Lançado ontem em Durban, na África do Sul, por ocasião do Dia Mundial da Água, o relatório Águas residuais: o recurso inexplorado aponta as inúmeras possibilidades da reciclagem e mostra que existe tecnologia para filtrar as impurezas e reaproveitar sem riscos. Muitos países já fazem isso, principalmente no setor agrícola, o que mais explora os recursos hídricos. No Brasil, há iniciativas em alguns municípios e indústrias.
“As águas residuais são um recurso valioso em um mundo no qual a água é finita”, observou, em nota à imprensa, Guy Ryder, presidente do UN Water (ONU Água) e diretor-geral da Organização Internacional do Trabalho (OIT). “Todos podem fazer a sua parte para alcançar a meta do Objetivo de Desenvolvimento Sustentável para reduzir pela metade a proporção de águas residuais não tratadas e aumentar a reutilização de água potável até 2030”, completou.

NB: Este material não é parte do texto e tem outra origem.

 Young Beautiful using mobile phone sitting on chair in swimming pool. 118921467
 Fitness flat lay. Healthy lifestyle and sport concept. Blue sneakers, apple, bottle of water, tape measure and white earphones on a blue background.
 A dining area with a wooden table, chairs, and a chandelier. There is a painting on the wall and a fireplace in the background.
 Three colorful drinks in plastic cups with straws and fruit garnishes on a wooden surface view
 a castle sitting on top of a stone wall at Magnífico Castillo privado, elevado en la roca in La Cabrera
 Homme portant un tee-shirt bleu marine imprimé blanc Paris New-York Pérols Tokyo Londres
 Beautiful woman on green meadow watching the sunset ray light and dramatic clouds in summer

Águas residuais podem vir de diversas fontes. No ambiente doméstico, ela é aquela descartada no banho, no vaso sanitário, no encanamento da água de lavar roupa — enfim, tudo que vai ralo abaixo. Na indústria, é o que sobra dos diversos processos de produção (a fabricação de um jeans, por exemplo, consome até 10 mil litros) e, na agricultura, os resquícios da irrigação (o cultivo de 1kg de arroz exige até 3 toneladas de água). Tudo isso, independentemente do setor em que é gerado, acaba em um único lugar: o esgoto.

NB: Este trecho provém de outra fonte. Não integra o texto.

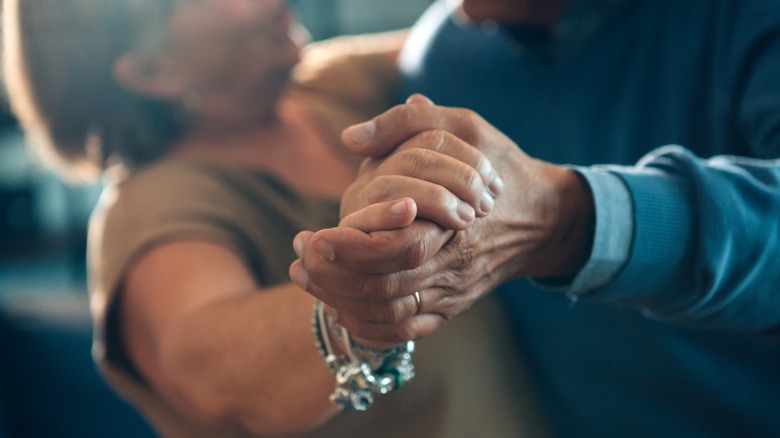 Senior couple dancing holding hands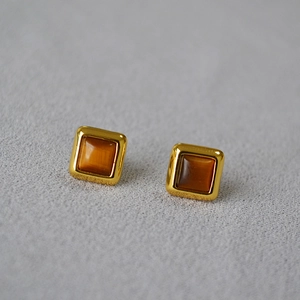 Vue rapprochée de boucles d'oreilles carrées dorées avec pierre œil de tigre et tige en argent 925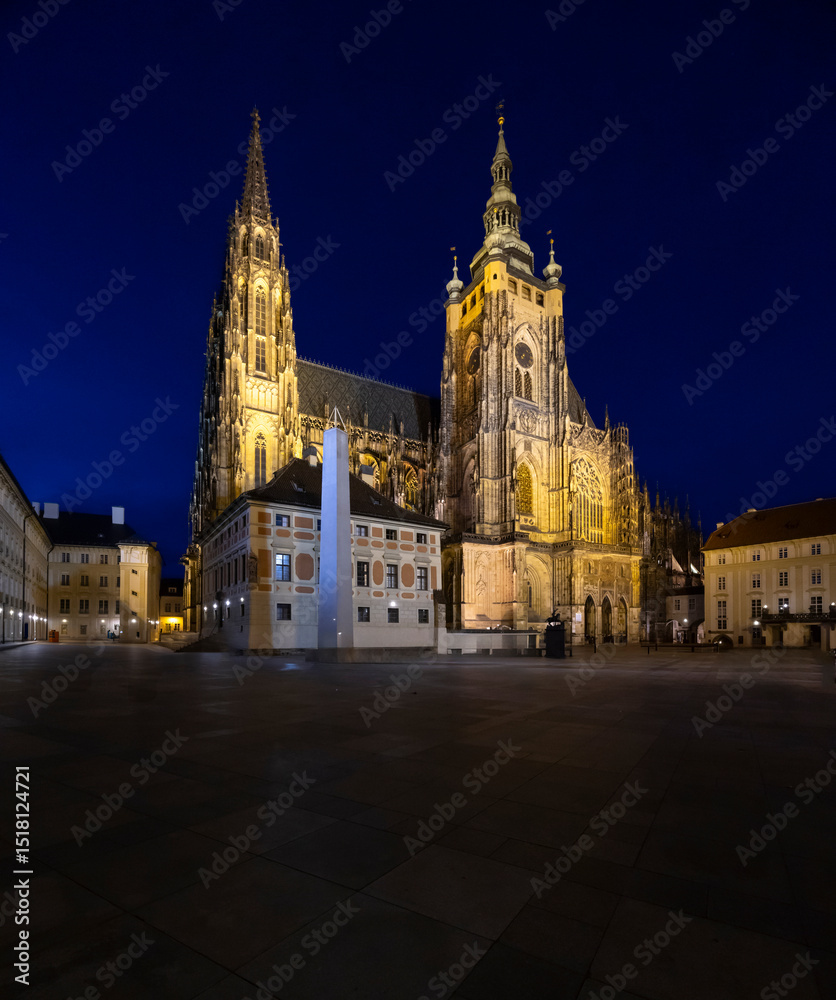 Fototapeta premium St. Vitus Cathedral illuminating Prague Castle at night in Czechia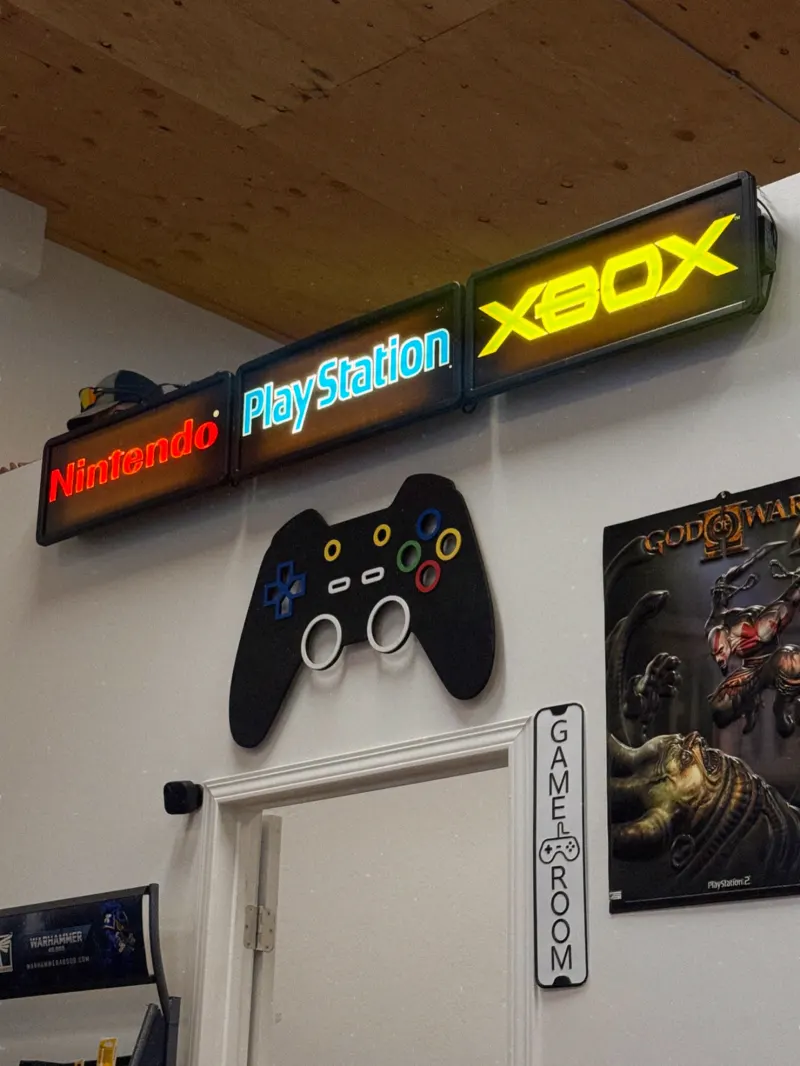 Neon Nintendo, PlayStation and Xbox signs above a controller-shaped wall decal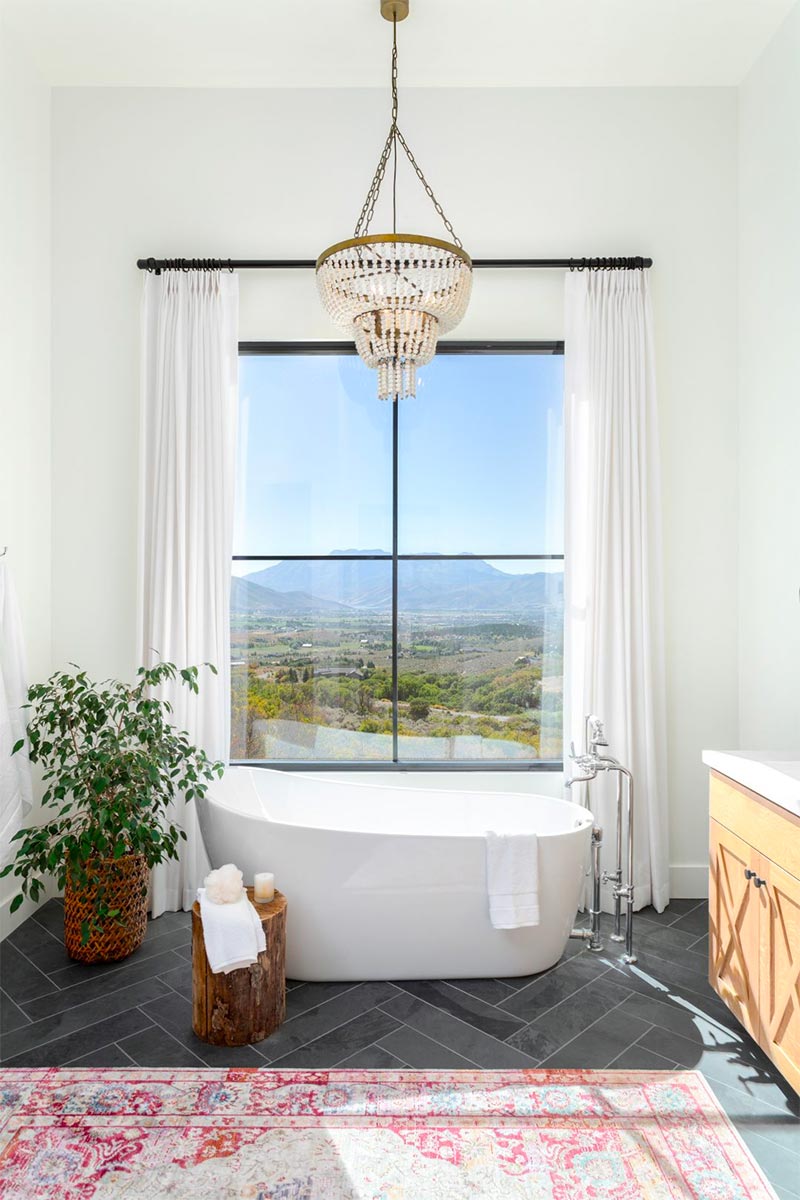 In deze chique badkamer voegt het grote vintage vloerkleed een vleugje kleur en vintage charme toe.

Pode parecer estranho e mesmo asqueroso reciclar água. Contudo, o oficial de Meio Ambiente da Organização das Nações Unidas para a Educação, a Ciência e a Cultura (Unesco) no Brasil, Massimiliano Lombardo, esclarece que isso não passa de preconceito. “A mensagem central do relatório mundial é que as águas residuais não são um problema, são um recurso valioso e podem ser parte da solução da crise hídrica. Toda essa água suja, que pensamos que tem de ser eliminada o mais rápido possível, pode ser recuperada e reaproveitada”, afirma.
Aceitação
Para Lombardo, é muito importante aumentar a aceitação pública do reúso da água. “No mundo, já há experiências de reúso em larga escala, inclusive para o consumo humano”, diz. Um dos porta-vozes dessa prática é o fundador da Microsoft e filantropo Bill Gates. Há dois anos, ele anunciou o desenvolvimento, no Senegal, de uma máquina que transforma detritos em água potável em segundos. Em seu blog, ele postou uma foto na qual aparece tomando a água produzida pelo chamado Omniprocessor, que, além de filtrar e tratar o líquido, reaproveita o resíduo como adubo e gera energia.

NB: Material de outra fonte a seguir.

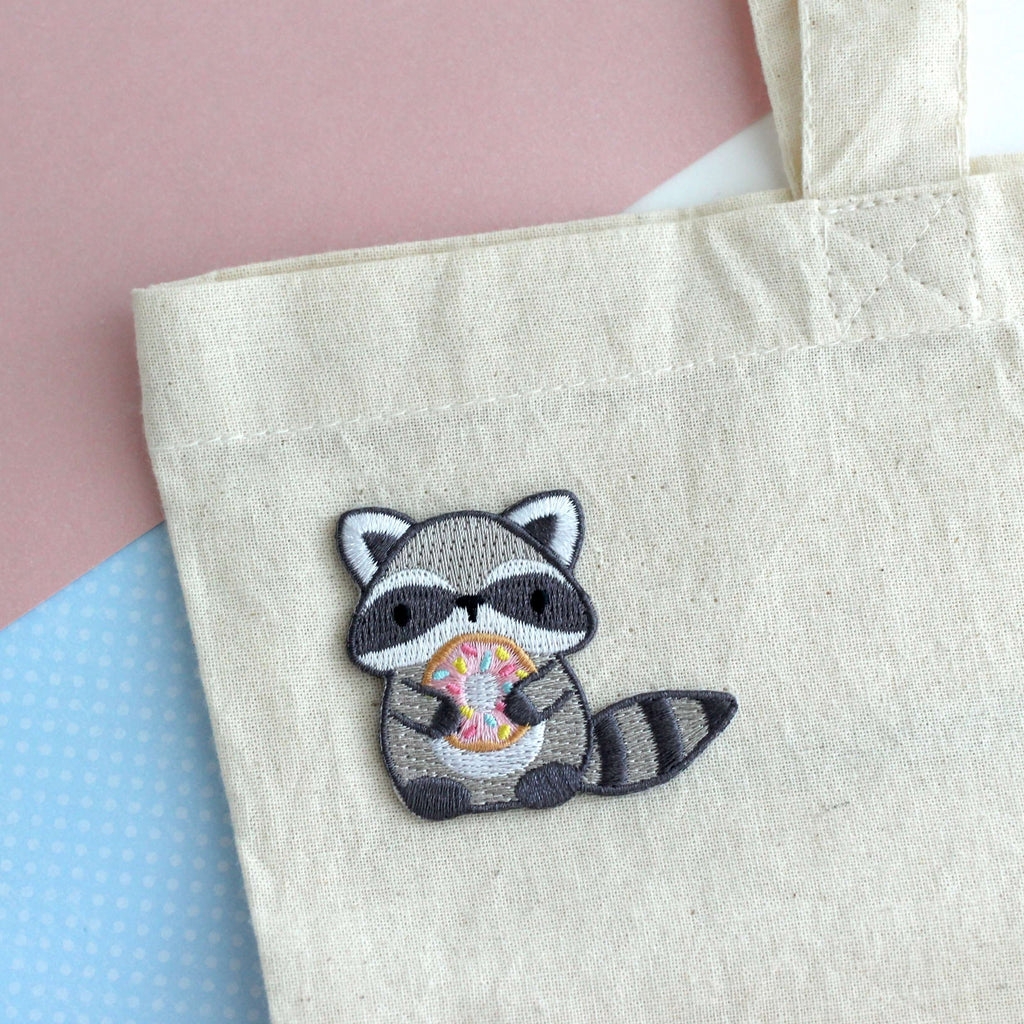Raccoon Holding Donut Iron-On Embroidered Patch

De acordo com o oficial da Unesco, em Cingapura, a população bebe água reciclada dos esgotos, completamente renovada e segura. Porém, Lombardo esclarece que, no Brasil, onde a escassez não é tão grave, o foco do reúso de águas residuais não é o consumo humano. Aqui, os principais alvos são a indústria e a agricultura. Em São Paulo, a maior experiência industrial vem do Aquapolo Ambiental do Polo Petroquímico da Petrobras, que, com essa e outras iniciativas no Rio de Janeiro, no Paraná e em Pernambuco, utilizou 24 bilhões de água reciclada em 2013, o suficiente para abastecer uma cidade de 600 mil habitantes por ano. A companhia estima que, em 2015, economizou 35 bilhões de litros de água doce.
No setor agrícola, o Núcleo de Pesquisa em Geoquímica e Geofísica da Litosfera da Universidade de São Paulo (USP) testou, por 15 anos, o reúso da água residual na irrigação de lavouras de Lins e Piracicaba. No experimento, o esgoto foi tratado, mantendo os níveis de minerais e nutrientes, como nitrogênio e fósforo. A economia no uso de fertilizantes nitrogenados foi de 80% no plantio do capim destinado à alimentação do gado — além do retorno da água, o reúso desse recurso se refere aos resíduos, que podem ser usados não só na agricultura, mas na indústria.
Embora o consumo de água potável seja menor no meio urbano, especialmente no espaço doméstico, Massimiliano Lombardo destaca que existem inúmeras soluções arquitetônicas que permitem o reaproveitamento do recurso, como a instalação de calhas para captar água de chuva. “O setor urbano e o doméstico não são o principal (consumidor de água), não somos os maiores responsáveis, mas somos os que mais podem dar o exemplo”, acredita.